I used to think that we as a culture had moved beyond this divide.  Fifteen years ago, I naively thought it beyond debate that racism was unequivocally wrong.  I knew individual people still harbored racist views, but I thought they were a small minority.  I thought that those hateful ideas, which were no longer socially acceptable, would eventually die off.  I am no longer so naive.

The question now becomes, what can I do about it?  And the honest answer is, I don’t know.  I feel helpless.  Rebecca, I don’t have any good advice to give you.  I don’t know how you can begin to explain this hatred, vitriol, and violence to your children.  At times, I question the wisdom of my choice to willingly bring a child into this world.  My only hope is that I can raise him to be loving, brave, and compassionate, so that he may make this world a better place.

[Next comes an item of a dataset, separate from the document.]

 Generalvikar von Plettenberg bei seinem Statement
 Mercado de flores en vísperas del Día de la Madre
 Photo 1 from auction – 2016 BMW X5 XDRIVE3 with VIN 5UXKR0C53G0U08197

Since yesterday, I’ve read a number of essays and blog posts telling me what I, a white person, should be doing right now.  They all gave essentially the same directives: make it known that you do not support hate, attend a vigil, call out racism in your own community, and donate to various legal funds.  But all of that seems inadequate to me.  I have been calling out racism in my family and community since I was a kid.  I’m not convinced it’s ever done anything.  The people I’ve engaged or confronted usually stopped spouting hateful rhetoric around me, but I’m sure they just redirected that rhetoric to a more sympathetic audience.

As a lawyer, I believe in the power of persuasion, but some people, on some topics, are simply unpersuadable.  The fact is, we cannot control the minds of others.  There are people intent on committing acts of violence who will not be deterred.  These are the people who scare me.  No amount of logic, no passing of laws, no threat of legal justice will change the minds of such people.  Once their minds have been filled with hateful ideas, what can be done?

The only thing I know how to do is to continue to live in accord with my own values.  So, yes, I will continue to push back when people make racist or bigoted statements in my presence.  I will try even harder to help my disadvantaged and targeted fellow citizens as best I am able, to treat them with dignity and compassion and as the worthy humans they are, and to listen to them without judgment or interjection.  I will try to maintain a heightened awareness of my own privilege.  I will not succumb to hate.

For my own sake, for the sake of the child I am carrying, I have to believe that there is more good in this world than evil.  Though it seems insufficient, I will say it again:  Hate is not welcome here.  Only love can save us.